People walking in darkness have seen a great Light.  On those living in the shadow of death a Light has dawned. (Isaiah 9:2)

The rising Sun will come to us from heaven, to shine on those living in darkness and in the shadow of death. (Luke 1:78-79)

The Light shines in the darkness. (John 1:5)  

Christmas begins in the dark.  The context for Christmas is ignorance, rebellion, captivity and death.  Christmas is a celebration that finds no justification in earthly circumstances.  All around is darkness and death.  The only possibility for joy lies outside.  Christmas celebrates an other-worldly Light dawning from on High.
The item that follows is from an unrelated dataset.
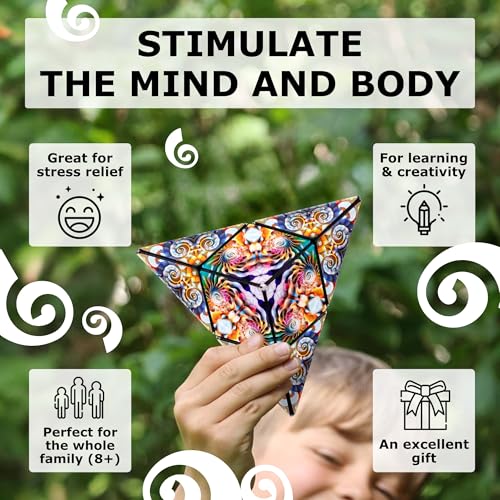 Shashibo DODECA Magnetic Puzzle Cube, Stress Relief Fidget Toy - color: Atlantis, size: DODECA
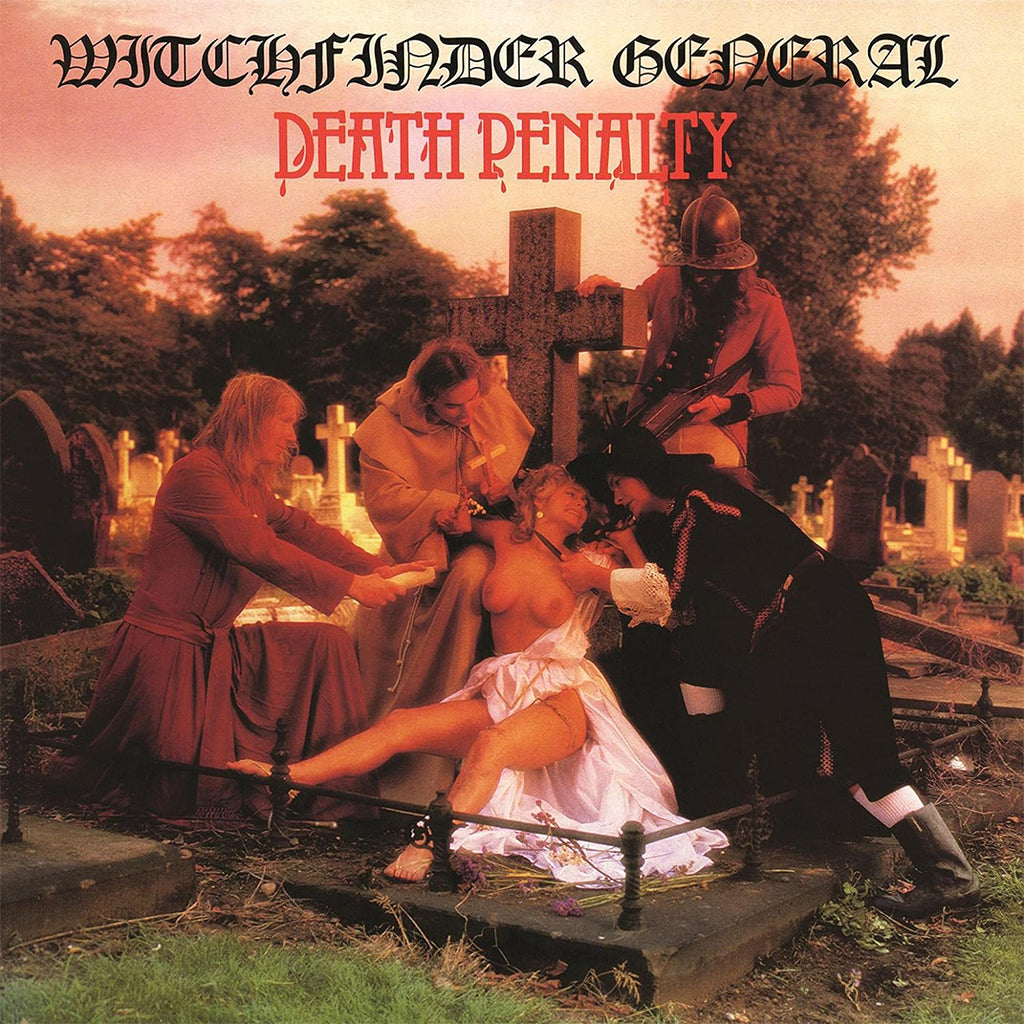 WITCHFINDER GENERAL - Death Penalty (2024 Reissue with Bonus Tracks) - LP - 180g Orange with Yellow Splatter Vinyl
Christmas is not the celebration of our sunny circumstances.   Nothing in our grasp is true justification for Christmas joy.   Not family, not friends, not gifts, not health, wealth, success or acclaim.   Only Christ coming from beyond our circumstances - like light into darkness - only He makes a Christmas.

Yet in the Southern Hemisphere we celebrate Christmas as though we were celebrating our happy environs - and ignore the darkness.  In the Northern Hemisphere we turn to family, friends and fesitivities to try to generate our own light - and ignore the darkness.  But darkness is the very atmosphere of Christmas.

If you're having a tough one, know that Christmas is meant for dark places.  And let's all seek our Light and joy only in the Son given to us.  Apart from Him, it's only winter - no matter what side of the equator you're on.


To hear a Christmas sermon of mine on this theme go here.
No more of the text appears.